I think perhaps you misunderstand. I know nothing about stored procedure calls to get messages. I have a properties file called clientmessages.properties that has the messages used by the network client code, and they are loaded directly as a resource.

I have updated splitmessages.java in the build directory to copy messages from messages_XX.properties over to clientmessages_XX.properties (for each locale).

What I'm doing right now is if there are messages that are new for the client code and not currently being used by the engine, I am manually adding those to clientmessages.properties, and splitmessages is then appending to this.

What I am suggesting is that I put *all* messages in messages.properties, and the splitmessages.java copies them all over. No manually adding messages to clientmessages.properties any more.
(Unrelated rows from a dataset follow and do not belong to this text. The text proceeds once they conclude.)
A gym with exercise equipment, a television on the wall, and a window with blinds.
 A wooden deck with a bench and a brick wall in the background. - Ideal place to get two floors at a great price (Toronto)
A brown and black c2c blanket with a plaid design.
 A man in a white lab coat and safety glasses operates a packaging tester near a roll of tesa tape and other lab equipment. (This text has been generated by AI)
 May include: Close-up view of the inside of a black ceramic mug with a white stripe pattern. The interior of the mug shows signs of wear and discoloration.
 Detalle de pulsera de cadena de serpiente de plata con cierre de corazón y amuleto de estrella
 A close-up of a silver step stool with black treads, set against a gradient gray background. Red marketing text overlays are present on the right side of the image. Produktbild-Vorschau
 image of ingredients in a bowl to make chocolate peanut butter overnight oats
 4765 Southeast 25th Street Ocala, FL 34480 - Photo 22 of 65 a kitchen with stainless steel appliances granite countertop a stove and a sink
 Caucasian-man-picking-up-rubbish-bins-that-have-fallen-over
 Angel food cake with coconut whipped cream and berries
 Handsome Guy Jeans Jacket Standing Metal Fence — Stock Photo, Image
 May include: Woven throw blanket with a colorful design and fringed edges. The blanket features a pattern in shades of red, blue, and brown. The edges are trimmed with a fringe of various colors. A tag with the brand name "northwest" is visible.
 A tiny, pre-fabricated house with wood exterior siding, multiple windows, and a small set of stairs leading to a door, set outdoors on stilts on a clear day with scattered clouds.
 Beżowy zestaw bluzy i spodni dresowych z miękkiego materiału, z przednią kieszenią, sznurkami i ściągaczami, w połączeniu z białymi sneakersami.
It will likely increase the size of derby.jar by ~200 messages x ~80 bytes each or 16K. The derbyclient.jar will increase by 16K also (this is regardless of what approach we choose), but this is offset by the fact that hardcoded strings are now being removed from the Java code.

David

Kathey Marsden wrote:
David W. Van Couvering wrote:


I would like to understand what resistance there might be to putting
all messages in the single properties file, messages_XX.properties,
and using a build script to copy over the appropriate messages for the
client.


How much would this increase the size of client and server?  I had
always thought that if it didn't  cause too much bloat, this would be a
good solution, because it might also potentially mean we could get rid
of the horrible stored procedure call for client messages.    I  have
always been big fan of build based code sharing.  All the other
strategies seemed awfully cumbersome to users and developers to me.